» **Aim of the task**:
Go to the line with "vidaXL Chaise longue" in the material below and copy from there through the line with "Příjmení: 'Čičelová', počet", exactly. Pictures are not copied.

----- Exercise data

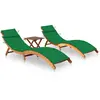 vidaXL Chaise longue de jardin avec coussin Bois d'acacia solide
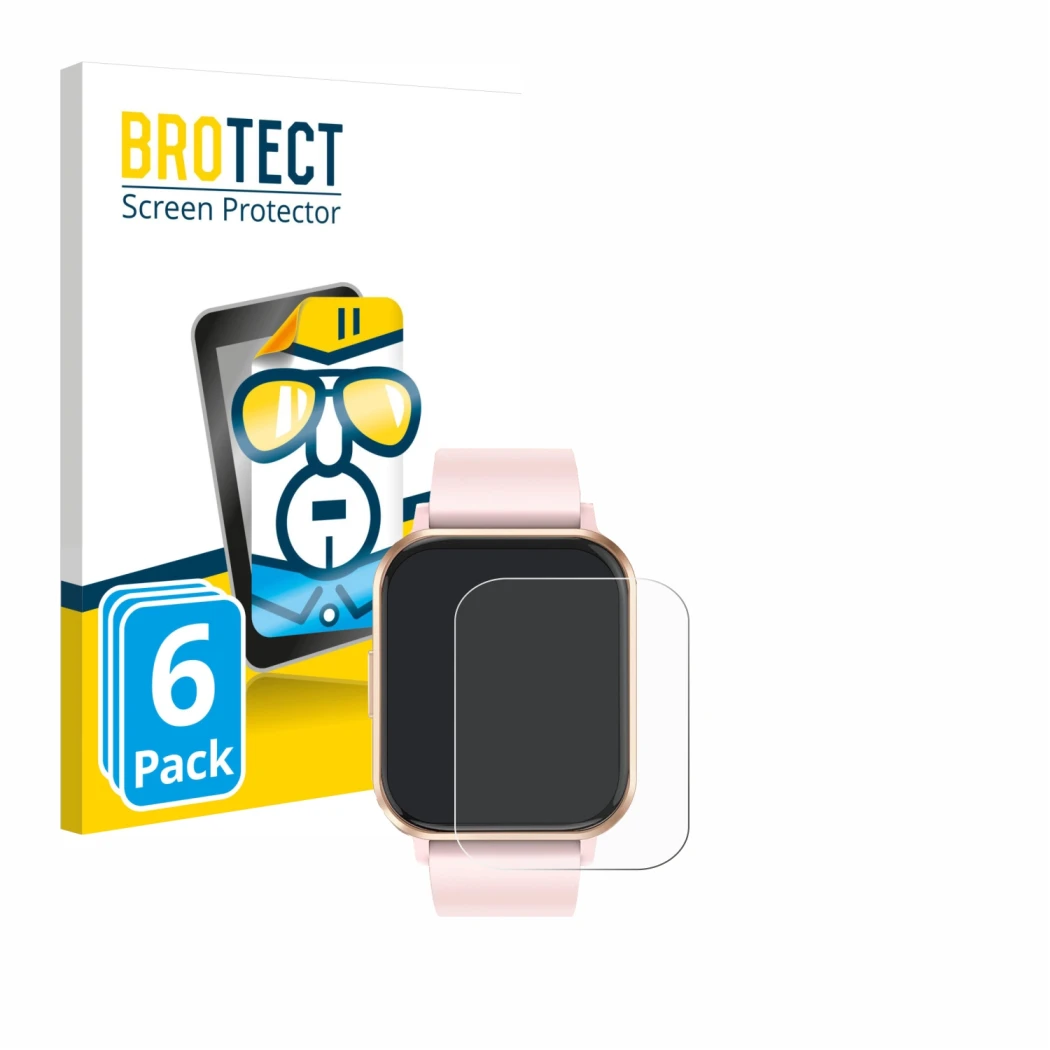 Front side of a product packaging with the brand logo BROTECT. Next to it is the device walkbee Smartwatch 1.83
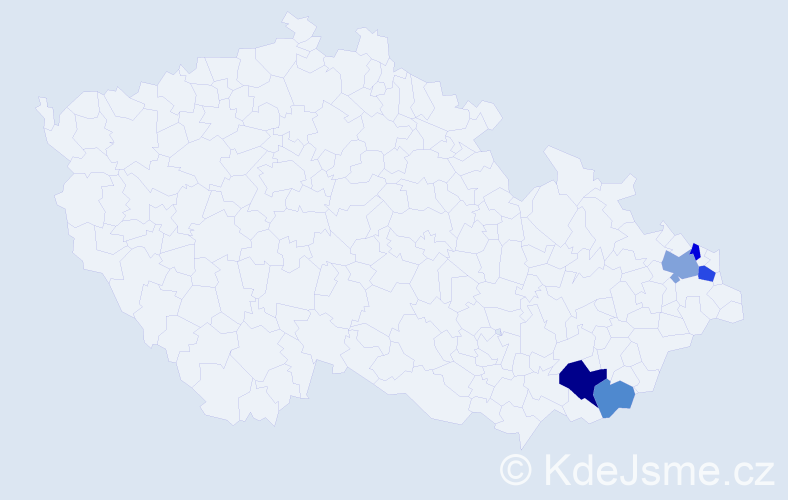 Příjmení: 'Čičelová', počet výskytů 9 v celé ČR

----------
----- Exercise data

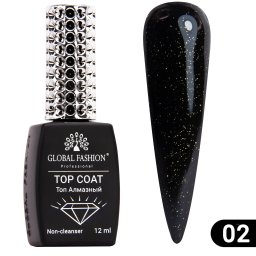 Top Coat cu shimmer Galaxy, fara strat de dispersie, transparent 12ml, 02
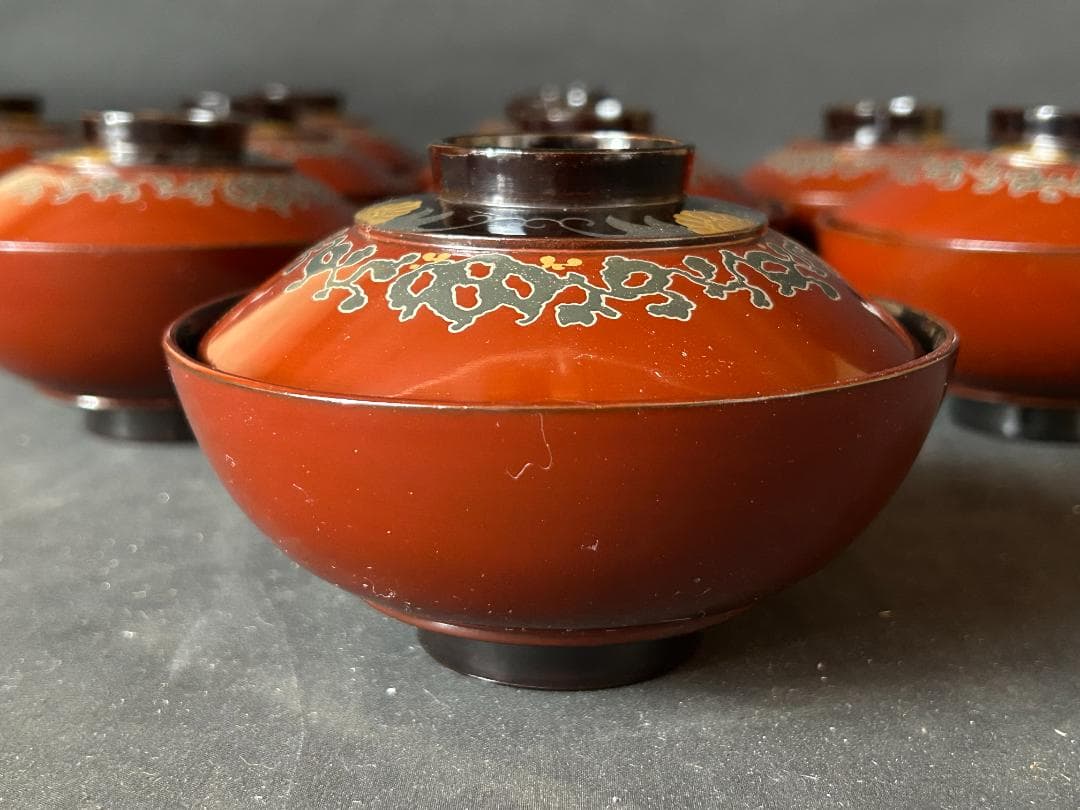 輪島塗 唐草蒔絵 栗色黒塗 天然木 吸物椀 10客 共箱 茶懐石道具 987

----------

» **Response to this task**:
 vidaXL Chaise longue de jardin avec coussin Bois d'acacia solide
 Front side of a product packaging with the brand logo BROTECT. Next to it is the device walkbee Smartwatch 1.83
 Příjmení: 'Čičelová', počet výskytů 9 v celé ČR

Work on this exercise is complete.